Sunday, July 13, 2008

A Fair Bailout for Fannie and Freddie: Create a New Mortgage Agency

The Bush administration is once again winging its way through a financial crisis, this time trying to keep Fannie Mae and Freddie Mac on their feet. The Fed has announced that it's given the Federal Reserve Bank of New York the authority to make loans to Fannie and Freddie. The Treasury Department has announced a plan to seek authorization from Congress to increase the credit line Fannie and Freddie have with the Treasury Department (currently at $2.25 billion, lunch money in today's mortgage markets), give Treasury the authority to make equity investments in Fannie and Freddie, and give the Fed greater regulatory authority over Fannie and Freddie.

These proposals look like more rubber bands and chewing gum. The Treasury Department plan is just a proposal. Treasury currently has no authority to do anything except lend Fannie and Freddie $2.25 billion, which may be enough to keep them going for a day or two. The Fed's loan authorization is a tad misleading. It says that the loans will be collateralized by "U.S. government and federal agency securities." How much in the way of U.S. Treasury bills and notes do we think Fannie and Freddie hold? Not much, we'd guess. But if Fannie and Freddie submit agency securities as collateral to the Fed, those securities could be obligations of Fannie and Freddie (which are among the biggest issuers of agency securities). In other words, such collateral would be impaired in value, just like Fannie and Freddie. That's a great deal for Fannie and Freddie, but the taxpayers may be getting yet another stick in the eye from the bailout boys of the Bush administration.

The Fed's loan authority may be enough to keep Fannie and Freddie afloat for the near term.
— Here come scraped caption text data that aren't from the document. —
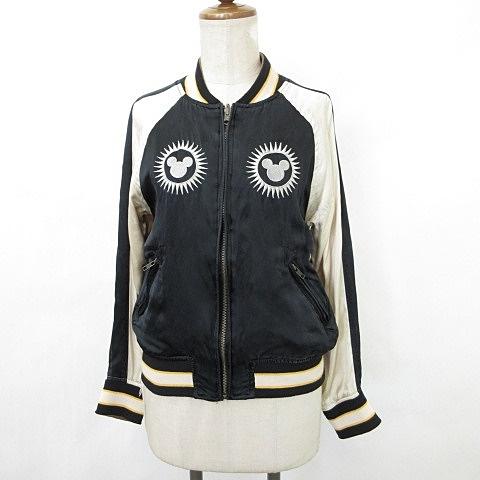 ディズニー Disney ジャケット スカジャン 長袖 ジップアップ リバーシブル 刺繍 キャラクタ...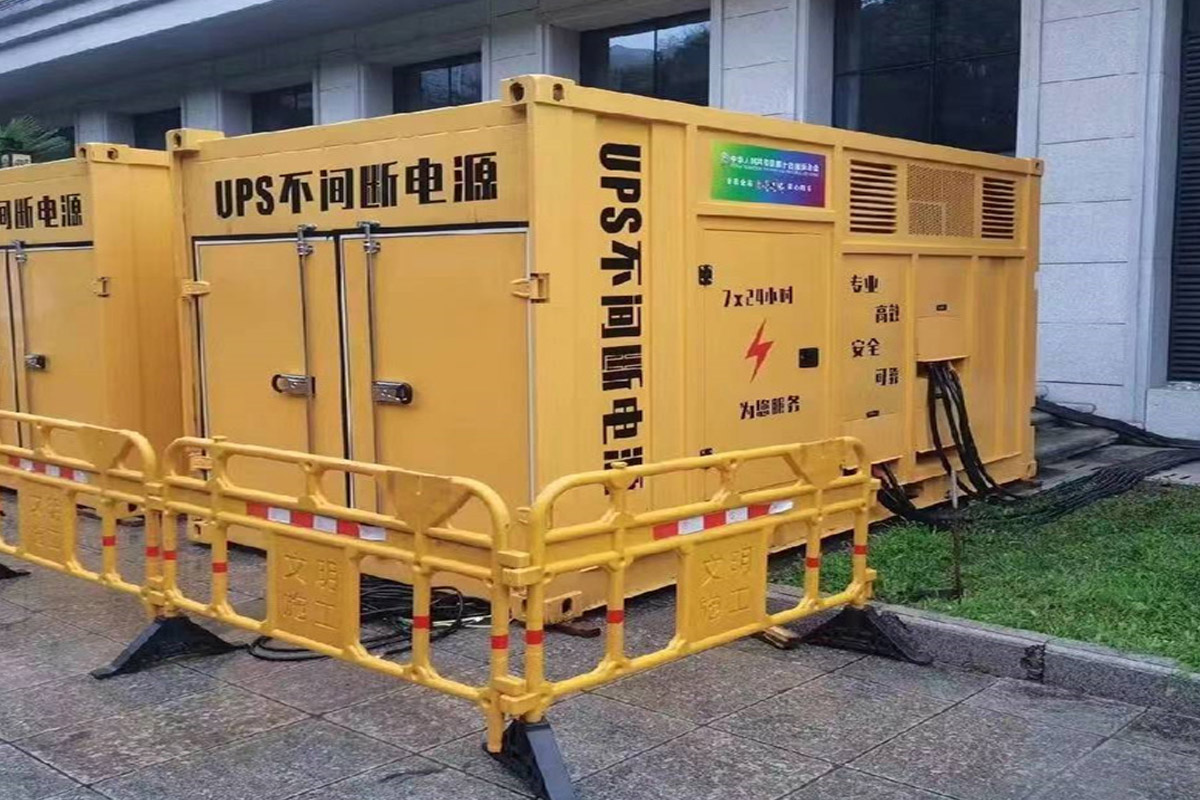 双阳发电机租赁施工现场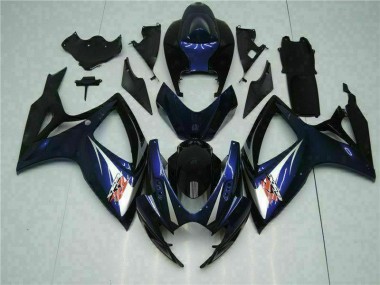 Abs Kits Completos Carenagem Suzuki GSXR 600 / 750 K6 2006-2007 - Preto Azul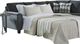 Signature Design by Ashley® Abinger 2-Piece Smoke Right-Arm Facing Full Sofa Sleeper Sectional and Chaise-1
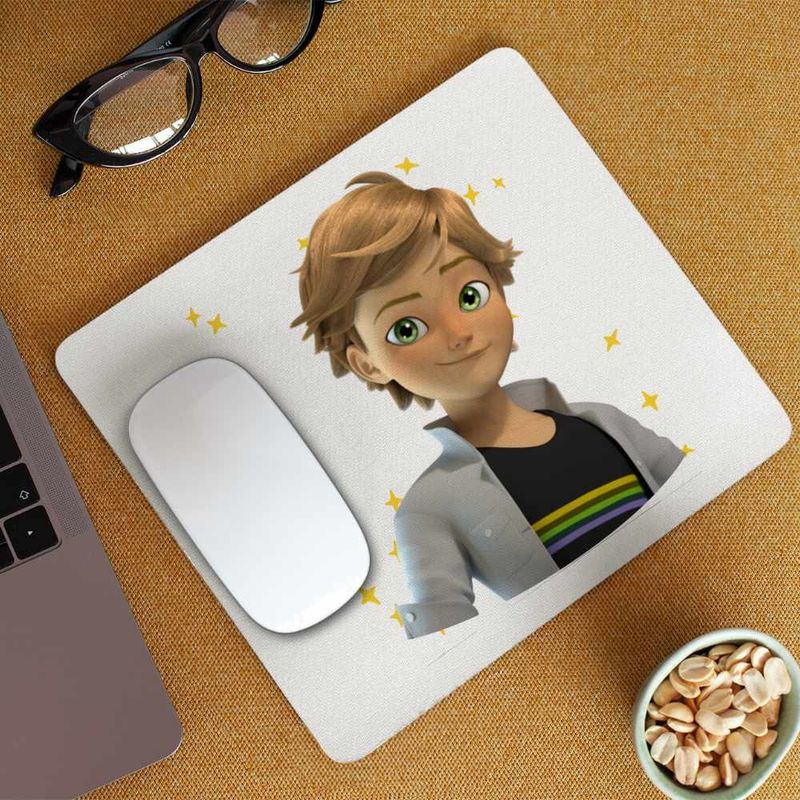PC, gaming si accesorii - Periferice PC - Mousepad - Mousepad Adrien Agreste Miraculous Buburuza Noir CoolTrend, 21x19cm - Infinity.ro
But that would likely be at the expense of more socializing risk while privatizing rewards for wealthy people.

The Treasury Department's plan is aimed at working with Fannie and Freddie as they now exist. That seems more expedient than sensible. Fannie and Freddie's financial conditions remain unclear years after accounting scandals left them unable for a number of quarters to report their financial condition. They've also sent hundreds of billions of dollars worth (or more) of mortgages into special purpose entities, investment vehicles that for accounting purposes are supposed to be separate from Fannie and Freddie. But these vehicles are cousins of the SIVs and conduits that bedeviled banks, and which some banks eventually had to bring onto their balance sheets at great cost. Will Fannie and Freddie have to take on some undisclosed liabilities from these special purpose entities? If so, how many billions are we talking about?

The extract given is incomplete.